We can see that it defines two functions that any source must have: init/1 and fetch_data/1. Both functions take a params keyword list argument and the relationship between these two is particularly interesting.

The lifecycle of this module is that the pipline will first call init/1 with whatever parameters were giveen to the pipline. For example...

Pipeline.new()
|> Pipeline.from(TestSource, retries: 12, back_off: :linear)

...would mean init/1 gets called with [retries: 12, back_off: :linear]. In here is where the first bit of niftinyess comes in, inspired by Erlang and Elixir: init/1 can use those parameters, interpret them, expand on them or even load entirely new ones form the environment. The only mandate is to return a tuple {:ok, params} back to the caller.

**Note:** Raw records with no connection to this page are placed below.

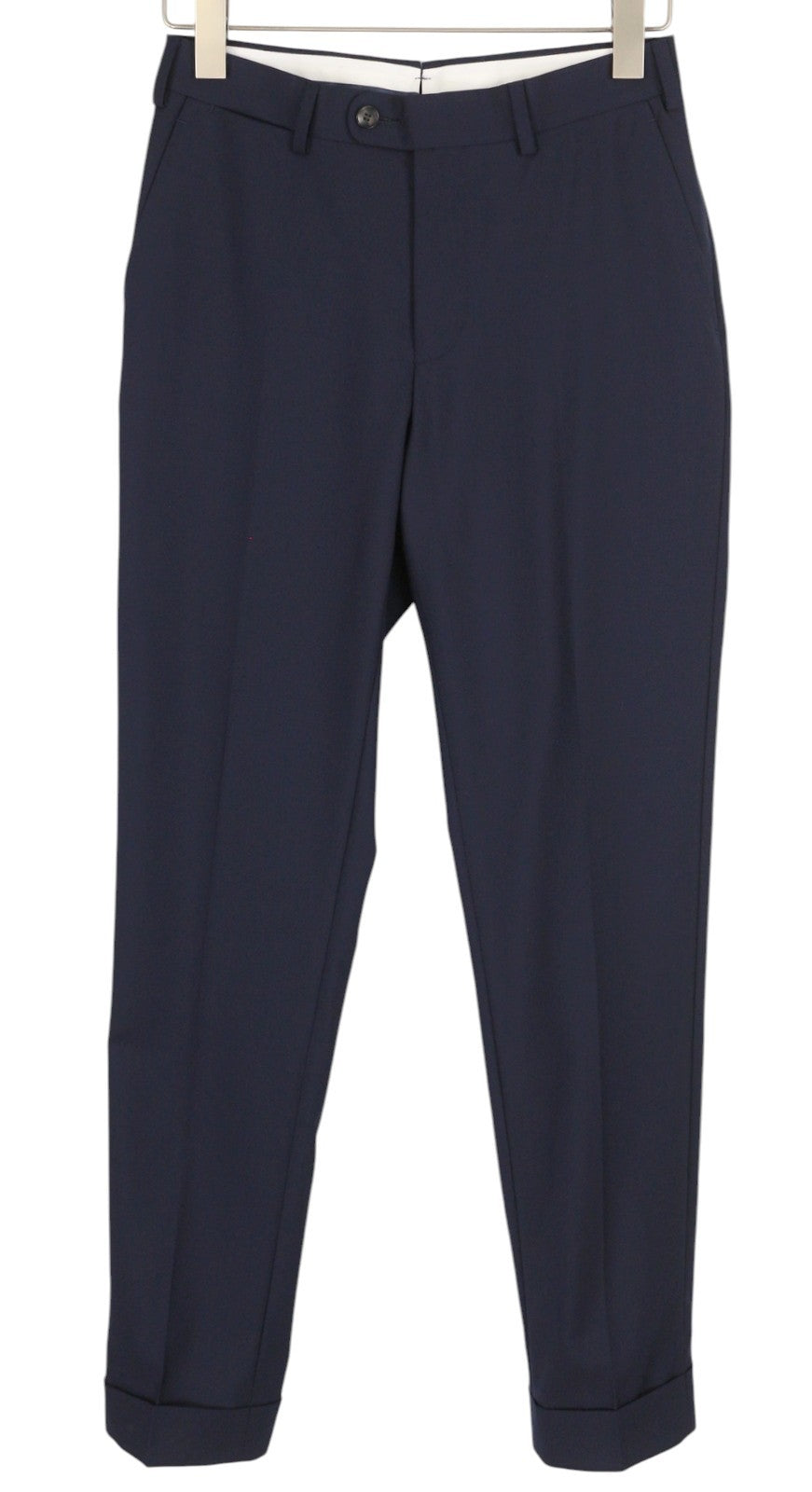 SUITSUPPLY Soho Turn-Up Men Trousers UK26 Dark Blue Pure Wool S120 Tapered Fit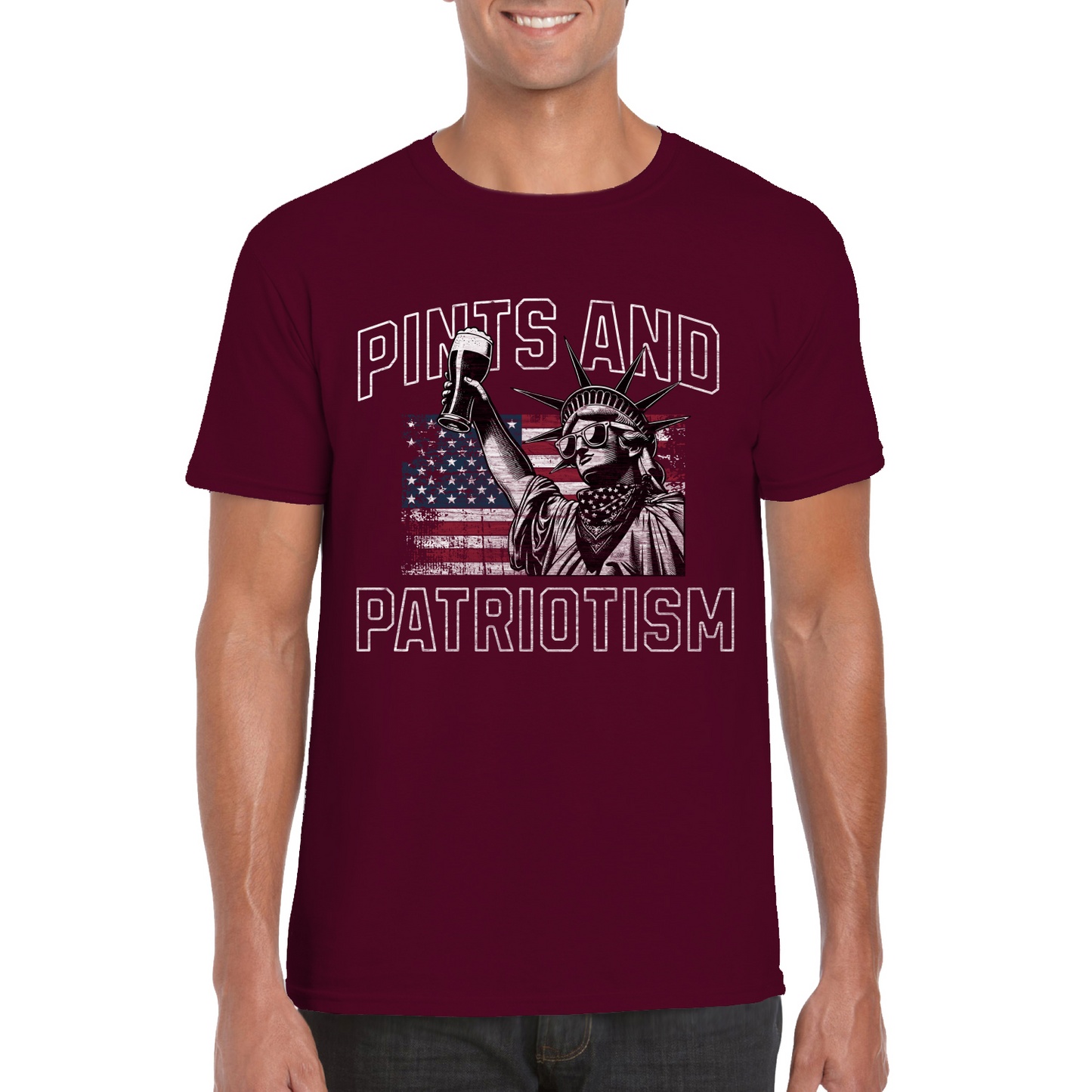 Pints And Patriotism Softstyle Unisex T-Shirt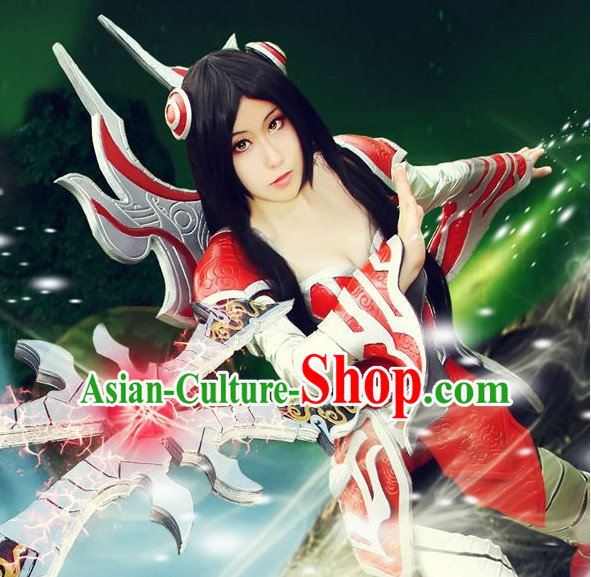 Chinese Superheroine Cosplay Costumes and Accessories Complete Set for Women Girls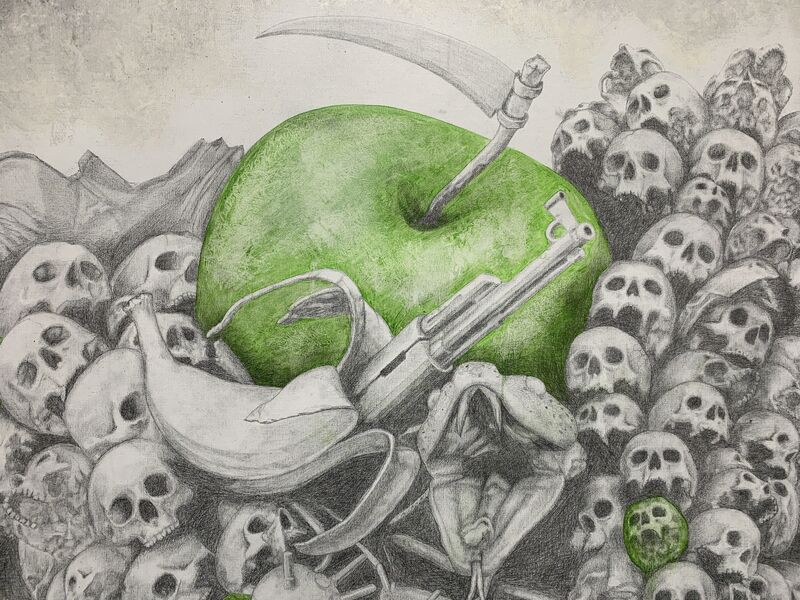 Ludo, ‘FRUIT OF THE DOOM’, 2014, Painting, Oil, spraypaint and charcoal, Cohle Gallery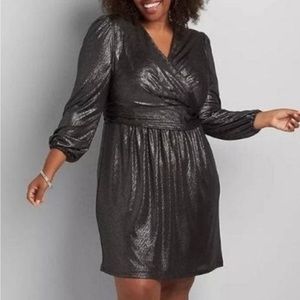 NWT LANE BRYANT Metallic Shimmer Black Silver Surplice Holiday Dress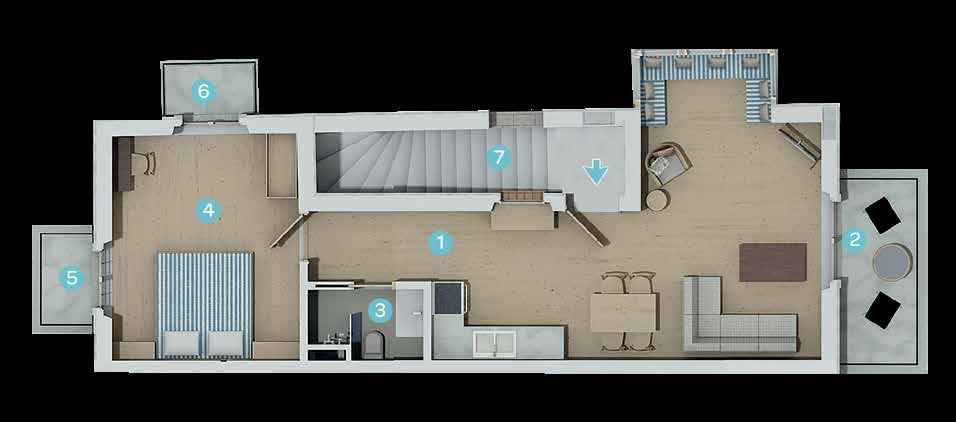 HOUSE NO 13 1+1 1. Living Room, Kitchen: 30,87 m 2 2. Balcony: 4,76 m 2 3. Bathroom: 2,74 m 2 4.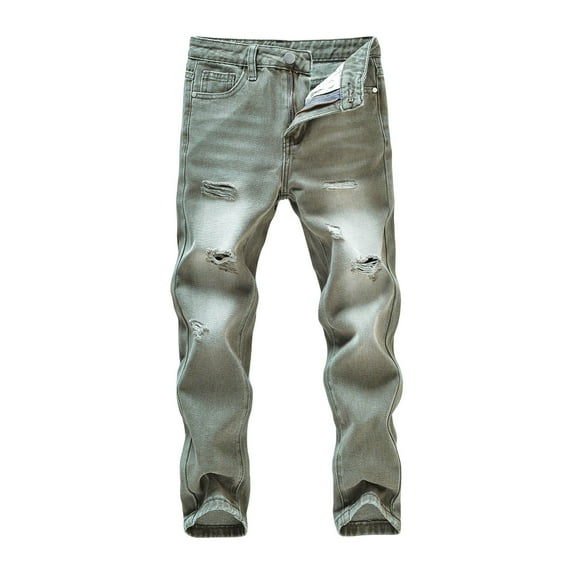Low Rise Jeans Tween Boys Skinny Jeans Zipper Fly Slim Fit Distressed Ripped Frayed Black Denim Pants with Pockets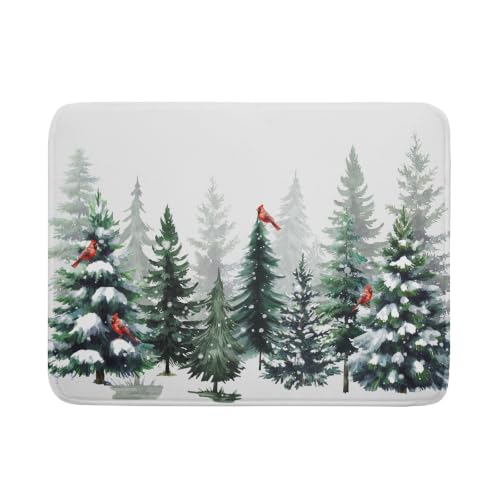 Green Pine Tree Forest Dish Drying Mat for Kitchen Counter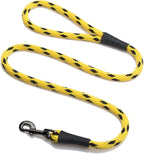 Mendota Pet Snap Leash - British-Style Braided Dog Lead, Made in The USA - Black Ice Yellow, 1/2 in x 6 ft - for Large Breeds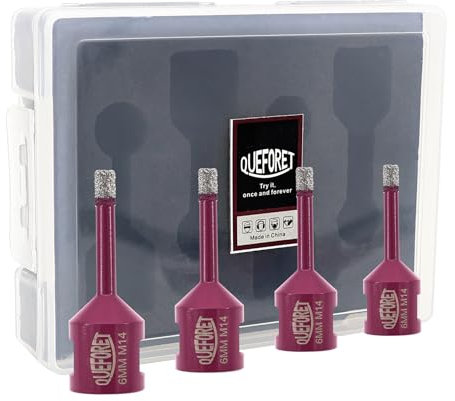 QUEFORET Punte Diamantate per Gres Porcellanato 6mm x M14-4 Pezzi Punte Trapano per Porcellana Piastrelle Ceramica Marmo Granito per Smerigliatrice Angolare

Those params in turn, are passed right back in to fetch_data/1, when the caller decides its time to call it. It almost feels like a stateful object (after all, we are holding on to state of someting) but is build entirely on function and immutable data structures.

Here you can the see the bit of code that calls init/1 and then holds on to the parameters for later use:

@spec from(Pipeline.t, module(), keyword()) :: Pipeline.t
def from(pipeline, module, params \\ []) do
  %Pipeline{pipeline | source: initialize(module, params) }
end

defp initialize(module, params) do
  case module.init(params) do
    {:ok, new_params} -> {module, new_params}
    e -> raise "Error when initializing #{inspect(module)} with params #{inspect(params)} resulted in #{inspect(e)}"
  end
end

What we store in the %Pipeline{} struct is precisely the tuple of what module we called and what params we got back from its init.

When we then decide to execute the source, we see that both elements are brought together and some metadata from the pipline itself is merged in too:

defp call_source(%Pipeline{source: {module, params}, container: container} = pipeline) do
  Logger.log(:info, fn -> "Reading data from source (#{inspect(module)})" end)

  data = module.fetch_data(merge(params, pipeline))

  %{ pipeline | container: Container.update(container, data, :source) }
end

And here is the key takeaway from me:

I can lift all commonly used configuration into the init/1 method, yet for testing I can pass any bespoke parameters directly to fetchdata/1 without having to mess with any _dependency injection system.

By cleanly separating configuration from execution, I got testability for free,

Let's say my RemoteHTTPSource uses an HTTP library underneath. For my testing, it would be annoying if I had to spin up a remote server (or use bypass) just to test how it reacts to different responses. If I lift the depdency into a parameter it can be swapped in tests, like so:

defmodule RemoteHTTPSource do
  use Pipeline.Source

  def init(params) do
    client = Keyword.get(params, :client) || Application.get_env(:my_app, :http_client)
    {:ok, [client: client]}
  end

  def fetch_data(params) do
    client = Keyword.fetch!(params, :client)
    ...
  end
end

My unit test can then pass in a :client that has the same behaviour as a keyword in the params of fetch_data/1.

This pattern is not really new as its widely used in Erlang and Elixir. Rediscovering it and understanding what I can get from it (testability, predictablity) has been a blast!